This analysis showed that the co-infection rate with influenza A was higher than influenza B in SARS-CoV-2 patients. A number of biological characteristics and epidemiological factors can explain why co-infection rates of SARS-CoV-2 with influenza A are higher than with influenza B [15]. ​ Generally, influenza A viruses have a broader host range and are able to mutate rapidly to the point that they exhibit larger seasonality and do fewer major outbreaks than influenza B [45, 46]. Such higher adaptability might also contribute to an increased prevalence and concomitant infections in populations during the time of peak flu season [46]. Influenza A is responsible for more extensive outbreaks and is more aggressive, while influenza B is more likely to cause seasonal flu [47]. At the height of respiratory illness, especially in colder months, the odds of being co-infected with influenza A that is actively circulating increase [48].

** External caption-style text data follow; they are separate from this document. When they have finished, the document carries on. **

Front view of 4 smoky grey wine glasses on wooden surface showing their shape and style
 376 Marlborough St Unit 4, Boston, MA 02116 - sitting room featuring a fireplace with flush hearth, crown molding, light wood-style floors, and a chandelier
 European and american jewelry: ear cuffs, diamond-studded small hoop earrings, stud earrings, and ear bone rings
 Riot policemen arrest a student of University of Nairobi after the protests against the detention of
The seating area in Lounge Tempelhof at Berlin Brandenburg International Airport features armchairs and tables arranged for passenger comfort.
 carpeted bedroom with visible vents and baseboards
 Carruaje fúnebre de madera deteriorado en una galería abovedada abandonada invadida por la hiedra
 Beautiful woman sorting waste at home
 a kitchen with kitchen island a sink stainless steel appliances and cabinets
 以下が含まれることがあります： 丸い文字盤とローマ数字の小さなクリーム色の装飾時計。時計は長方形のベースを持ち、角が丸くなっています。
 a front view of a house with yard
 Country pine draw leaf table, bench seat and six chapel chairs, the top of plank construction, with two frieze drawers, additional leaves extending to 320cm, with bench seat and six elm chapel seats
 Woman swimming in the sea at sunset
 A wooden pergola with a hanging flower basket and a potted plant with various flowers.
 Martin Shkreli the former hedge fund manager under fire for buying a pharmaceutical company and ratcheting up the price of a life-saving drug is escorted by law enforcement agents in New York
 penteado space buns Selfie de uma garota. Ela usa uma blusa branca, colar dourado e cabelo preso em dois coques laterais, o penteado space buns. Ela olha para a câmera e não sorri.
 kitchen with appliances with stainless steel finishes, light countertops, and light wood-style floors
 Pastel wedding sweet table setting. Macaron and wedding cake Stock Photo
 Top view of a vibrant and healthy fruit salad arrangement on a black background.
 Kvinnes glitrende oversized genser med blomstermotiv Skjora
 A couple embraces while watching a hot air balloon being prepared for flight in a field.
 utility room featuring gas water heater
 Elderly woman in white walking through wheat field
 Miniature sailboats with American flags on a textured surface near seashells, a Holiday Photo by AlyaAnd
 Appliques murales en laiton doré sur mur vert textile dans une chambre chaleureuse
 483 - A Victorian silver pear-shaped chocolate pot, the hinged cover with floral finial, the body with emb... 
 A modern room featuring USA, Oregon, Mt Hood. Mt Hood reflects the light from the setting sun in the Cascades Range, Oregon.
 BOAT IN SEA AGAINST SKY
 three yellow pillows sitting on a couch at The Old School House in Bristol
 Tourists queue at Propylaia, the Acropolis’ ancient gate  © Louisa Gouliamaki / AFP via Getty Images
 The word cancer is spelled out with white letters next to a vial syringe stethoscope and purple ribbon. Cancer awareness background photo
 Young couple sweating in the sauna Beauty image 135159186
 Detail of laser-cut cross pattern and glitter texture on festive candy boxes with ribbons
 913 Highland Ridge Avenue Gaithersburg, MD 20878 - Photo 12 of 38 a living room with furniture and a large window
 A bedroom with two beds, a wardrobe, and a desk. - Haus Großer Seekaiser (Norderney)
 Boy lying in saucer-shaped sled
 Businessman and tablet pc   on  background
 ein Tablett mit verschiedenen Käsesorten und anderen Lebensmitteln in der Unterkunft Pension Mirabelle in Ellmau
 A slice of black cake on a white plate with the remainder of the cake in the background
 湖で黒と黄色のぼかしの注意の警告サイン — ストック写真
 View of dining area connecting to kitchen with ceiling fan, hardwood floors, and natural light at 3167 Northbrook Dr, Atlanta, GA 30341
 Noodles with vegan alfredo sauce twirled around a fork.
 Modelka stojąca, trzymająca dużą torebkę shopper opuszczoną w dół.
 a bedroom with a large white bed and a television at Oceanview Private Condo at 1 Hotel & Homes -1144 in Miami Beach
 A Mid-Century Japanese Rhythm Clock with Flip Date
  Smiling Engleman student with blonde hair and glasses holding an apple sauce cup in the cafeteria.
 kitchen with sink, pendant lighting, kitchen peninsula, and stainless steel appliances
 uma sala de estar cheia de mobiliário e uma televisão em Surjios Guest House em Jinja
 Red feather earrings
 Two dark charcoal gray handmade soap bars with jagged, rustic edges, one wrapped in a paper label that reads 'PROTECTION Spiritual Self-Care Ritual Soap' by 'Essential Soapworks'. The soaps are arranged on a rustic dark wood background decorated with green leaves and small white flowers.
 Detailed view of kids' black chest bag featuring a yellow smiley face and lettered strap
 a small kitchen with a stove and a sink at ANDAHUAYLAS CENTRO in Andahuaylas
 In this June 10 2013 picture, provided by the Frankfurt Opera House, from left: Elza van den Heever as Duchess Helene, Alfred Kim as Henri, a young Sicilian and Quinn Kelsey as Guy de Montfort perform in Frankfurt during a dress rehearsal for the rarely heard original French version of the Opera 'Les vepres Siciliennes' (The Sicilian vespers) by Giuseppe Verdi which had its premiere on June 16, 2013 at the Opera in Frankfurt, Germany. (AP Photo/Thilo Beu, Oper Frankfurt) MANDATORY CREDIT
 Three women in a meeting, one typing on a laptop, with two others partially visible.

Other differences in the immune response that develops from infections and vaccinations can depend on reactions to past exposure to influenza viruses [49]. In some cases, individuals who have previously been exposed to influenza A, either through vaccination or past infection, may have an immune response that allows the influenza A virus to replicate more efficiently under certain circumstances, leading to increased rates of co-infection with SARS-CoV-2. On the other hand, the response to influenza B infection may not result in the same level of concurrent infection [50].

Such as the results of this study, some clinical observations showed that both viruses can cause co-infection, but the incidence of co-infection with influenza A was slightly higher than influenza B among patients with a positive diagnosis of SARS-CoV-2, according to studies, with a higher incidence of co-infection with influenza A noted among hospitalized patients with COVID-19 due to higher transmissibility and clinical outcomes [50, 51]. Overall, according to the literature review of other studies, we ascribe the higher rate of co-infection of SARS-CoV-2 with influenza A than influenza B to the intrinsic viral properties of influenza A, epidemiological patterns during influenza A peak seasons, varying immune responses to prior exposures, and clinical observations of increased incidence of co-infections with influenza A [52].

The complexity arising from co-infection necessitates training healthcare providers (such as wearing masks and social distancing) on recognizing and managing these dual cases effectively. Standard treatment protocols for each infection may not be sufficient when both viruses are present, and therefore, individualized management strategies become crucial [53].

We can suggest some protocols for managing co-infection in COVID-19 patients, such as using accurate and reliable diagnostic tests [54]. Multiplex PCR testing is performed to simultaneously detect COVID-19 and influenza to guide appropriate therapeutic interventions [54]. Assessment of severity scoring systems for co-infected COVID-19 patients to decide whether hospitalization and support with intensive care are needed [55]. Start the eligible antiviral therapy specific to documented infections [56]. Supportive care as well as providing oxygen therapy, fluids, and supportive care, to decrease the risk of co-infections or other respiratory distress [56]. Also, high vaccination coverage against seasonal influenza and SARS-CoV-2 could reduce the risk of co-infection in recent pandemics [57, 58].

The result of the present study shows that in the pre-2021 period, influenza prevalence was likely reduced due to strict social restrictions, but co-infection in COVID-19 patients was still significant. In contrast, in the 2021 and post-2021 periods, the easing of restrictions and wider availability of diagnostic tests may have led to increased detection of co-infections. These results suggest that despite changes in social conditions and diagnostic advances, co-occurrence prevalence has remained stable, but the high heterogeneity requires a closer examination of the sources, including further analysis to identify factors affecting differences observed across studies.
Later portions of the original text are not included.